Home Equity Loans have quickly grown to become one of the greatest and most popular loan types in the world today. The idea that a person that is a home owner can go ahead and get a loan taken out on their home in order to deal with any emergency situations that might crop up is something that allows a lot of people to rest easy at night and ultimately the people that are able to rest easy are going to have lower stress levels and a better all around existence specifically because of the presence of the option of the home equity loan in their lives.

Now, home equity loans are quite good and what is even better is being able to understand the anatomy of a home equity loan and exactly how it shakes out in a number of different areas.

Interest Rates

One of the biggest questions that people usually have regarding home equity loans is the question of interest rates. When you take a look at the different interest rates that are available and indeed you take a look at the interest rates for other types of loans in comparison to the home equity loan, what you immediately find is that the people that are interested in getting the home equity loan for themselves pay a much lower interest rate on average than people that are involved in other loans.

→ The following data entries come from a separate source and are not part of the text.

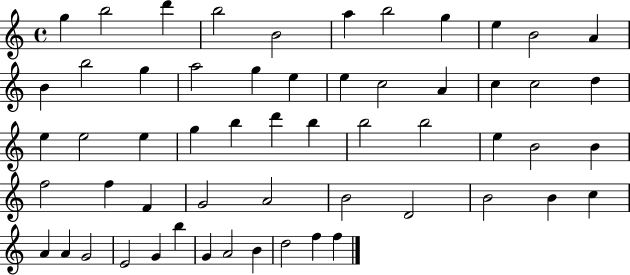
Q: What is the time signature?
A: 4/4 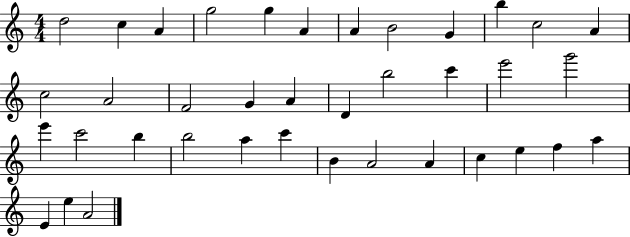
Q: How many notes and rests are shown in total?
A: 38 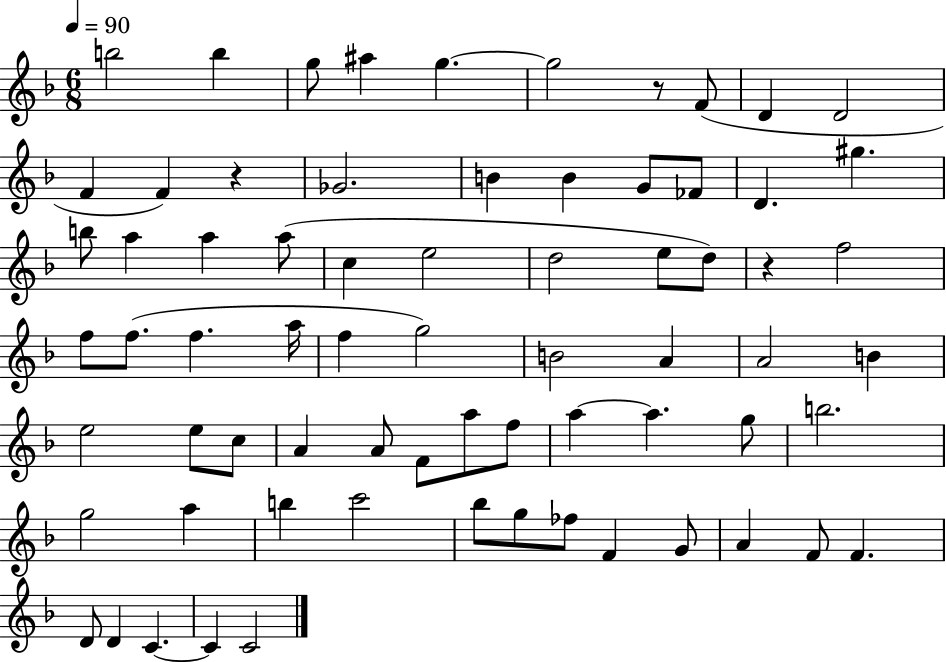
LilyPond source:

{
  \clef treble
  \numericTimeSignature
  \time 6/8
  \key f \major
  \tempo 4 = 90
  \repeat volta 2 { b''2 b''4 | g''8 ais''4 g''4.~~ | g''2 r8 f'8( | d'4 d'2 | \break f'4 f'4) r4 | ges'2. | b'4 b'4 g'8 fes'8 | d'4. gis''4. | \break b''8 a''4 a''4 a''8( | c''4 e''2 | d''2 e''8 d''8) | r4 f''2 | \break f''8 f''8.( f''4. a''16 | f''4 g''2) | b'2 a'4 | a'2 b'4 | \break e''2 e''8 c''8 | a'4 a'8 f'8 a''8 f''8 | a''4~~ a''4. g''8 | b''2. | \break g''2 a''4 | b''4 c'''2 | bes''8 g''8 fes''8 f'4 g'8 | a'4 f'8 f'4. | \break d'8 d'4 c'4.~~ | c'4 c'2 | } \bar "|."
} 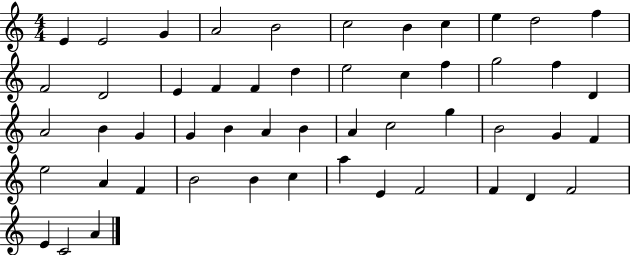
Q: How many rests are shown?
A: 0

This is because home equity loans have been created from a structural point of view to resemble mortgages. The average mortgage has an interest rate between 5% and 7% annually and when you look at the average home equity loan, you find the same thing is true as well.

Monthly Repayment Amounts

When you look at the different monthly repayment amounts for the different loans available on the market today, you tend to the see the exact same thing when comparing them to home equity loans that you did with the interest rates. Namely that home equity loans usually tend to be on average 10-20% lower per month in terms of the monthly repayment amounts. This is because of the presence of strong collateral (property is the strongest collateral imaginable in a free market society) as well as the longer term lengths when it comes right down to the actual loan deal itself.

Fees

Now, home equity loans, just like mortgages, sometimes carry a fee schedule with them. The fee schedule is an idea that financial institutions to a large degree have borrowed from credit cards, because for the longest time mortgages were not as restrictive as they are in today’s world.

When you take a look at the mortgages and home equity loans in today’s society, what you eventually see is that the fees tend to revolve around things like late payments, underpayments and even overpayments in certain agreements. Either way, the fees are not really a big part of most loan agreements, but it is worth mentioning that they might be there for full disclosure.